The customer is always right
There are many different terms used to describe someone who hasn't got a job. The trade unions talk about 'unemployed workers', tabloids write about 'scroungers', government officials measure the number of 'claimants'. Each of those different terms reveals a different way of thinking about unemployment.
James Purnell, the government minister in charge of Work, has a way of talking about this which I think is new. When discussing people who are out of work, he talks about 'customers'.
His speech to the Centre for Economic and Social Inclusion highlighted the doublethink involved in welfare reform. At one moment he was talking about how "people know what they need. People know what works best for them. We need to give them the ability to act on that knowledge...Most unemployed people want to get back to work and we should trust them to choose how," and yet at the next, "We explicitly set out to restrict the choice of claimants, by making benefits contingent on certain conditions."
Then he highlights the success of the public sector, "Their record is pretty remarkable with 60 per cent of JSA claimants leaving benefit within 3 months. And over 90 per cent in a year. And it’s been achieved through fundamental but largely unheralded reform," and then boasts that "DWP is already the most outsourced in Whitehall...The use of private and voluntary providers for us is not revolutionary, its business as usual."
The result is a set of policies which do have some good ideas. The basic idea is to let "customers" choose from a range of different providers who are able to offer support which is personalised to particular needs, whether it is providing more skills training, help with childcare, transport or whatever. It is also going to be easier for new providers who have innovative ideas about helping, say, ex-offenders or people with drug and alcohol addictions find work to establish themselves.

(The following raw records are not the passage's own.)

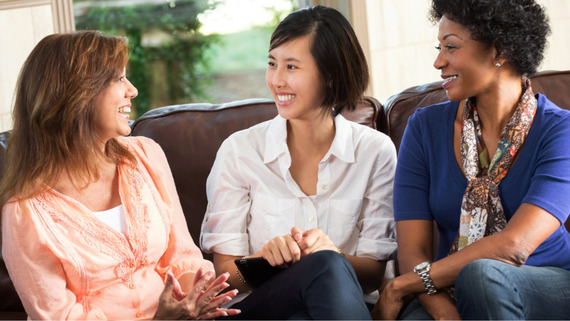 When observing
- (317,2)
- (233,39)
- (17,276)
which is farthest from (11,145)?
(233,39)

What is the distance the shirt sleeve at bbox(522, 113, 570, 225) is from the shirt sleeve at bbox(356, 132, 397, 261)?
0.43 metres

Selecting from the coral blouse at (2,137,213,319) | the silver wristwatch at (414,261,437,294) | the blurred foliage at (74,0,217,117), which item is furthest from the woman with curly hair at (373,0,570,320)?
the blurred foliage at (74,0,217,117)

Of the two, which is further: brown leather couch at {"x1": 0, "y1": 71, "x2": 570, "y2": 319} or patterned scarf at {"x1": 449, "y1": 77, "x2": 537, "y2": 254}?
brown leather couch at {"x1": 0, "y1": 71, "x2": 570, "y2": 319}

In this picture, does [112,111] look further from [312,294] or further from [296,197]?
[312,294]

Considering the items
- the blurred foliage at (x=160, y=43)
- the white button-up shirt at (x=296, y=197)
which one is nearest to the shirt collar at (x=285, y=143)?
the white button-up shirt at (x=296, y=197)

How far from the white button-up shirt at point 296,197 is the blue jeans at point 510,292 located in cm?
40

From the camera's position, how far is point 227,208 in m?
2.03

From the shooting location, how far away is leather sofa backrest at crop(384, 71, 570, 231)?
2.26m

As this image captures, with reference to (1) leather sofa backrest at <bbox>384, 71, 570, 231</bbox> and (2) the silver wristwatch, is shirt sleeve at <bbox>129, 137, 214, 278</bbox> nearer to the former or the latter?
(2) the silver wristwatch

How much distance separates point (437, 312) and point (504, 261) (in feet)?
0.67

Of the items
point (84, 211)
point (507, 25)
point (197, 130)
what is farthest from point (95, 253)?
point (507, 25)

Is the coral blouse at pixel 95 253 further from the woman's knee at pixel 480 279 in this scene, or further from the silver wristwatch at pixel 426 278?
the woman's knee at pixel 480 279

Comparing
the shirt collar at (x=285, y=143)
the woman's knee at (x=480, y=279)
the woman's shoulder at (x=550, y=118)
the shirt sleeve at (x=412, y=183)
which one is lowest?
the woman's knee at (x=480, y=279)

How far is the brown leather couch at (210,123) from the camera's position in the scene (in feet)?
7.45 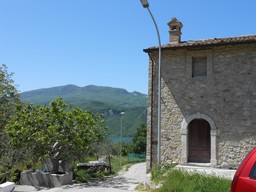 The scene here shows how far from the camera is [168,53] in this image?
48.3ft

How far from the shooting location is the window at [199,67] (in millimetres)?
14184

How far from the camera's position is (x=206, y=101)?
13797mm

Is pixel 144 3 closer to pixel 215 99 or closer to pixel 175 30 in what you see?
pixel 175 30

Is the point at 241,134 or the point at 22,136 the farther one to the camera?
the point at 22,136

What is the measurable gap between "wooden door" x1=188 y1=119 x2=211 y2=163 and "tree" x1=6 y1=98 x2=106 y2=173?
5111 mm

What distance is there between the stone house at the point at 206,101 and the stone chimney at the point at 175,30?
1047mm

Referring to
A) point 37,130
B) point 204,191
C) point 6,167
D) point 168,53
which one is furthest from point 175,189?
point 6,167

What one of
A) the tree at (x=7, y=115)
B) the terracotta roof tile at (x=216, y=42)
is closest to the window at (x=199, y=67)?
the terracotta roof tile at (x=216, y=42)

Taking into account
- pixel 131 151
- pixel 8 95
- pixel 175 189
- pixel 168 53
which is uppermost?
pixel 168 53

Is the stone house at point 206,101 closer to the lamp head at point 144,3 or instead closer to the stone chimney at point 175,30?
the stone chimney at point 175,30

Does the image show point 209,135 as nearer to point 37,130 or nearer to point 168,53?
point 168,53

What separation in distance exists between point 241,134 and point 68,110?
29.1ft

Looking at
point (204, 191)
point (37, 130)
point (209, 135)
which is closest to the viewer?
point (204, 191)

But there are two really serious flaws in the approach that Purnell supports. He says that he is not being ideological, but the very use of the word "customer" is deeply ideological. Reducing unemployment isn't the same as running a supermarket - in many parts of the country, more support for one person won't increase overall levels of employment, but will mean that they get a job and someone else doesn't. A focus on "customers" puts the emphasis on individual behaviour, rather than on structural causes of unemployment.
What's more, the welfare reform debate has become detached from the reality of what it is like to try to find a job and the reality of what many low waged jobs are actually like (not many people who actually have to live with the consequences of his policies would agree with the way Purnell describes the current situation).
Purnell wants partnership working between the state and employment providers, but the essential voice that is missing is that of the "grassroots", of unemployed workers who could tell these people what things are really like and when they are missing the point.
Or, to put it in terms which James Purnell might prefer better - if you want to reduce "worklessness", listen to your customers.